Information provided:
*** Block opens ***
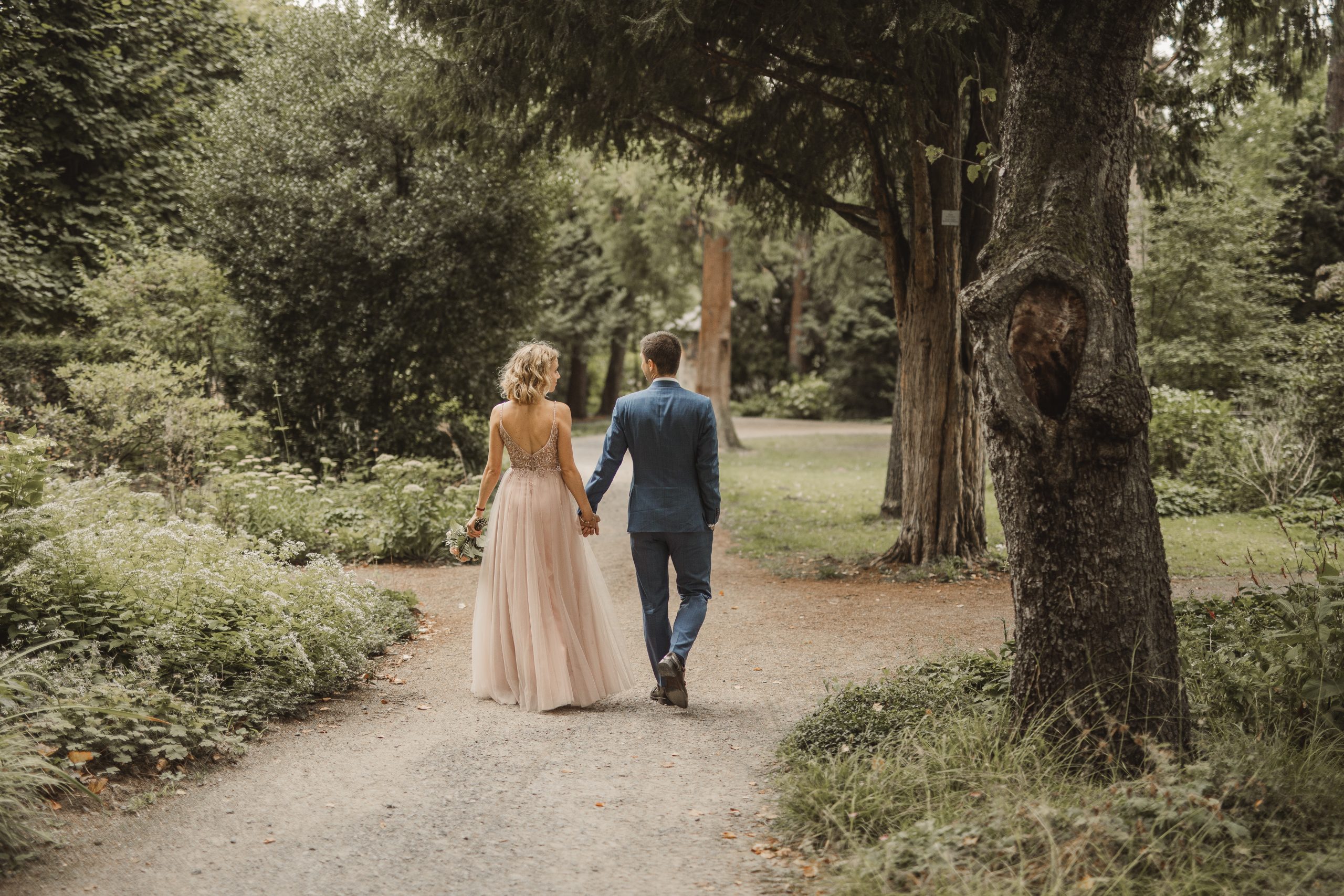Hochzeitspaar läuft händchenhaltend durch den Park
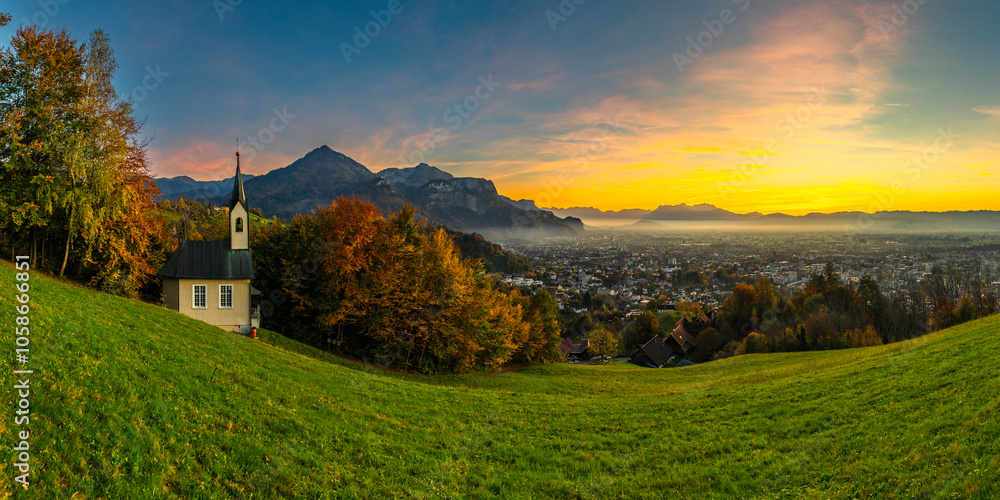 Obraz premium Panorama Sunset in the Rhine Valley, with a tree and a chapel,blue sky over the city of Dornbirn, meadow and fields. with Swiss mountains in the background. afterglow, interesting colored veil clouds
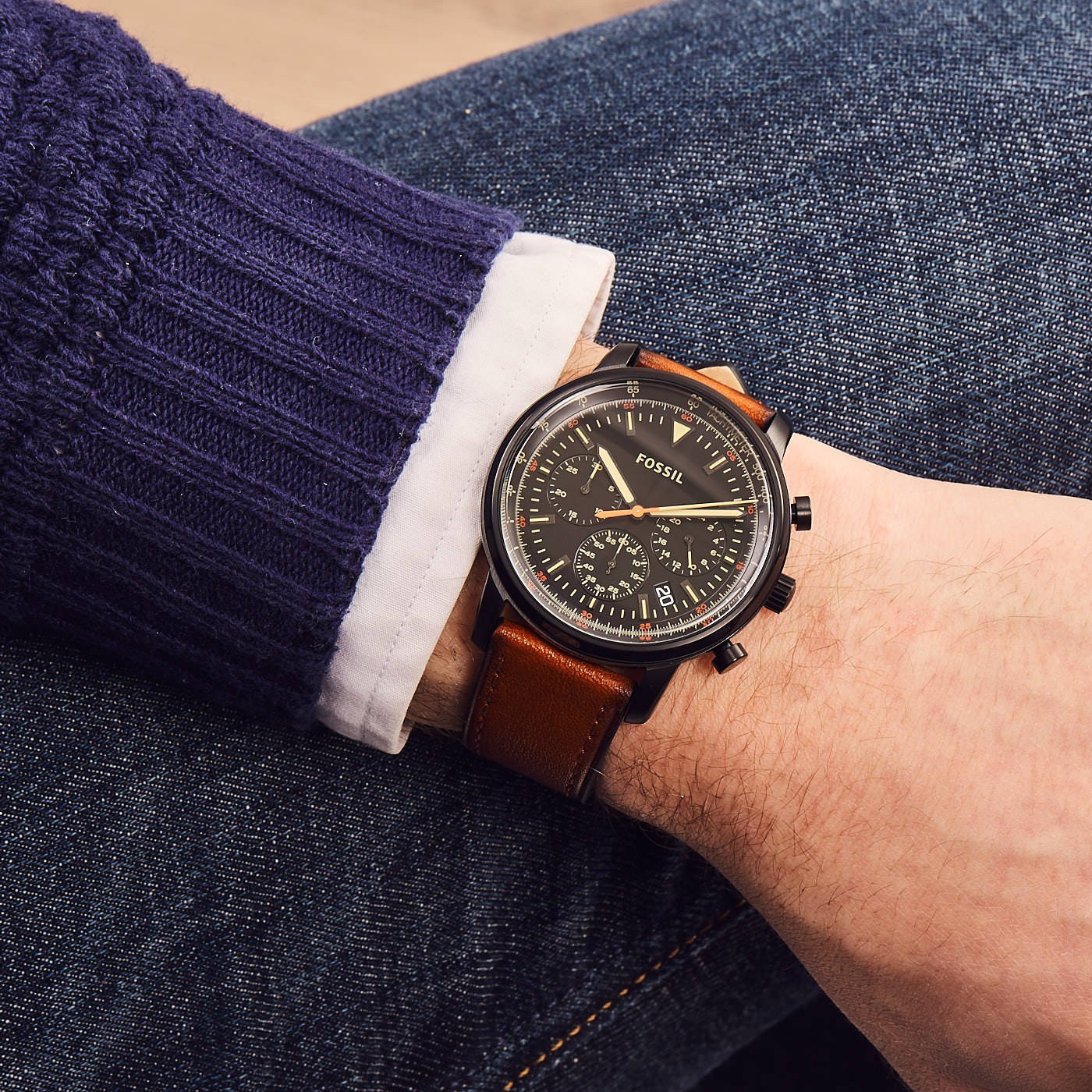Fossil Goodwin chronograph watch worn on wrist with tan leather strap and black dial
*** Block closes ***
*** Block opens ***
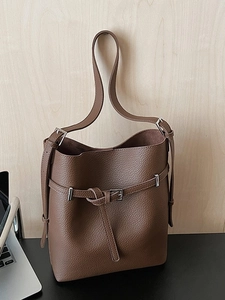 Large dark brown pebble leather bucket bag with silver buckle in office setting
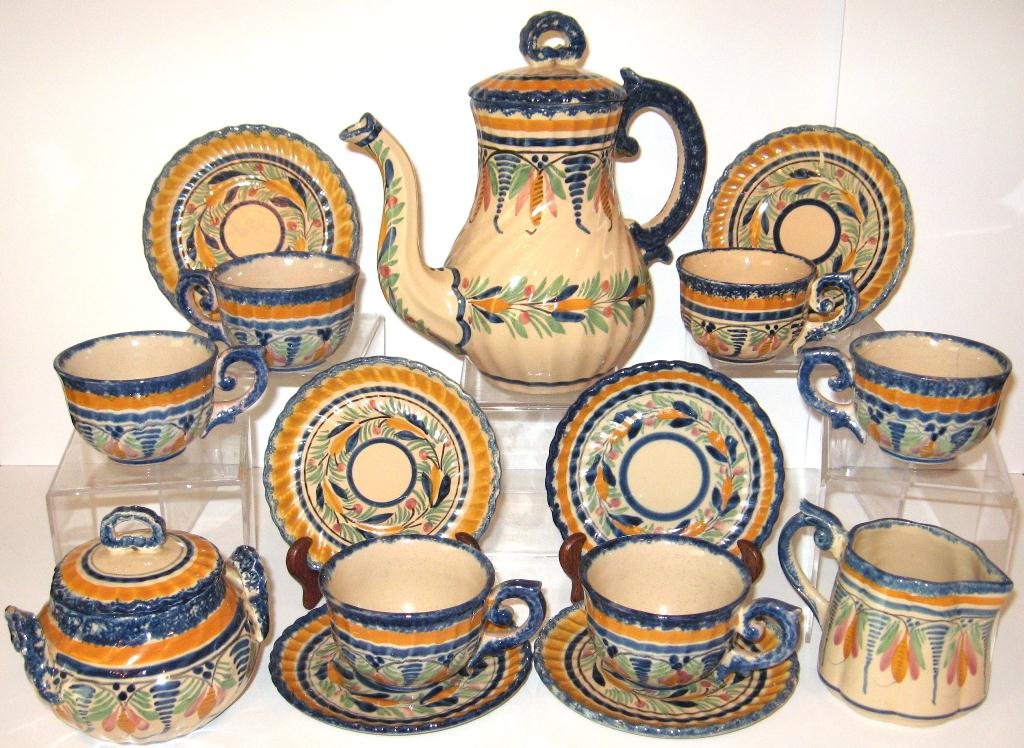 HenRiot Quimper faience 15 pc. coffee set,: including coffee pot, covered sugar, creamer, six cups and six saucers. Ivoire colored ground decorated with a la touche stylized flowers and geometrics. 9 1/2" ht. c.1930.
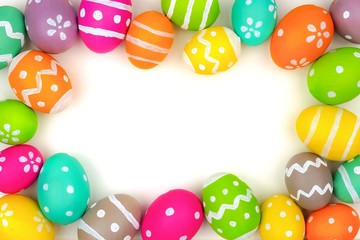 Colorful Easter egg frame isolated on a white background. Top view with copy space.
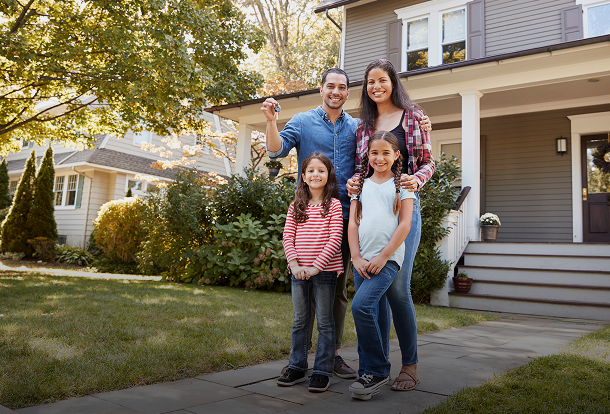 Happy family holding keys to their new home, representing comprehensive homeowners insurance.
*** Block closes ***
*** Block opens ***
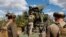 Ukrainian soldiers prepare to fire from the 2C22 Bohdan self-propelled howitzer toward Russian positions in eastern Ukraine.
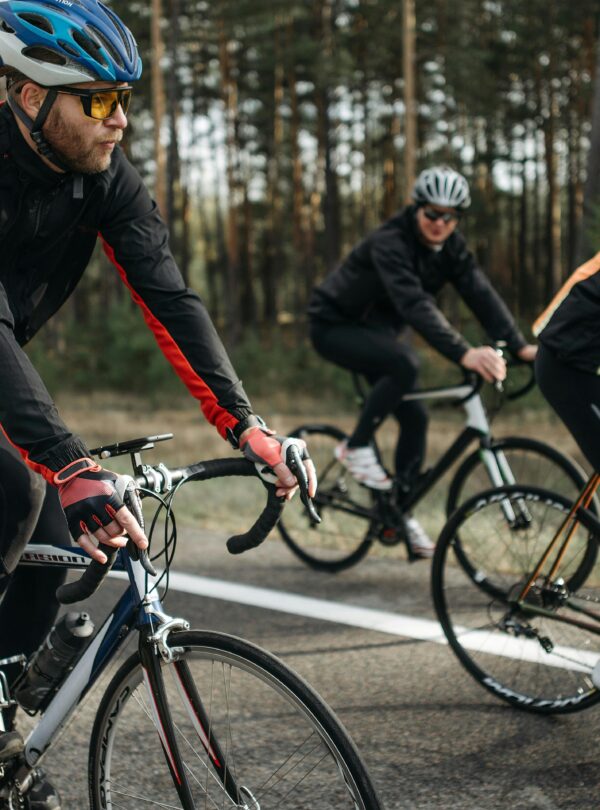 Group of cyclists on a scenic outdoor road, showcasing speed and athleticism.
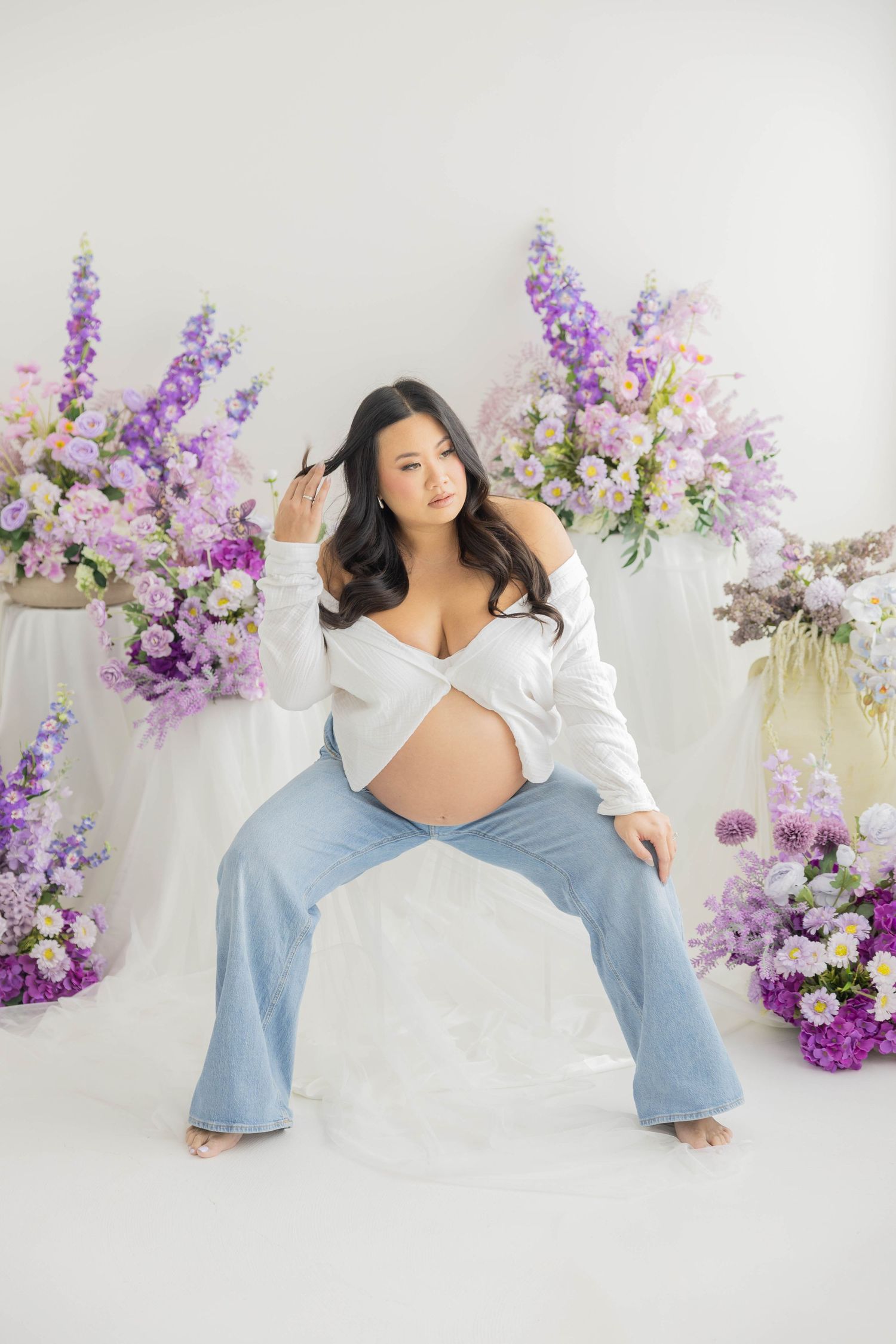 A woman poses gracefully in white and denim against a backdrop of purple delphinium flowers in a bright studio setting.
*** Block closes ***
Exercise requirements: Above are the records; restate exactly the lines from the one containing "Hochzeitspaar läuft händchenhaltend" through the one containing "Fossil Goodwin chronograph", keeping pictures out.

Solution to the exercise:
Hochzeitspaar läuft händchenhaltend durch den Park
 Obraz premium Panorama Sunset in the Rhine Valley, with a tree and a chapel,blue sky over the city of Dornbirn, meadow and fields. with Swiss mountains in the background. afterglow, interesting colored veil clouds
Fossil Goodwin chronograph watch worn on wrist with tan leather strap and black dial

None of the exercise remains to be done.